THE TASK
Of the lines below, write out exactly those from the line with "Dong - White" through the line with "Ring with two", both included, and skip the rest.

MATERIAL PROVIDED
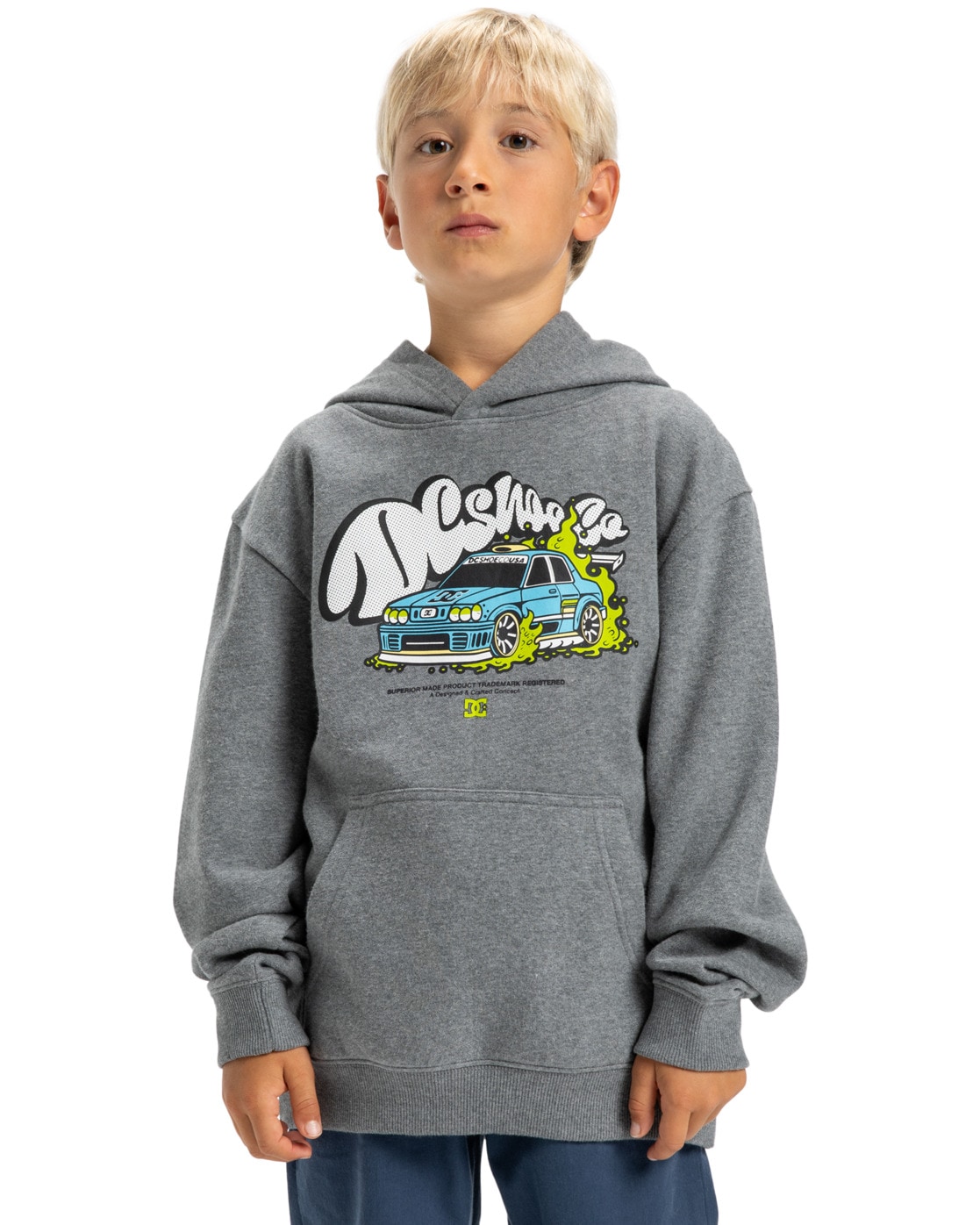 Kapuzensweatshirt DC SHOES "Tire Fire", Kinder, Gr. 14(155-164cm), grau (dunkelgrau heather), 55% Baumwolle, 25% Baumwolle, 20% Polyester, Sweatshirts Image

--

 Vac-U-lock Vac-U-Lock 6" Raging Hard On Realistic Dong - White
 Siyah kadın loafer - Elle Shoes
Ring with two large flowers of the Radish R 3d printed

FINISHED EXERCISE
 Vac-U-lock Vac-U-Lock 6" Raging Hard On Realistic Dong - White
 Siyah kadın loafer - Elle Shoes
Ring with two large flowers of the Radish R 3d printed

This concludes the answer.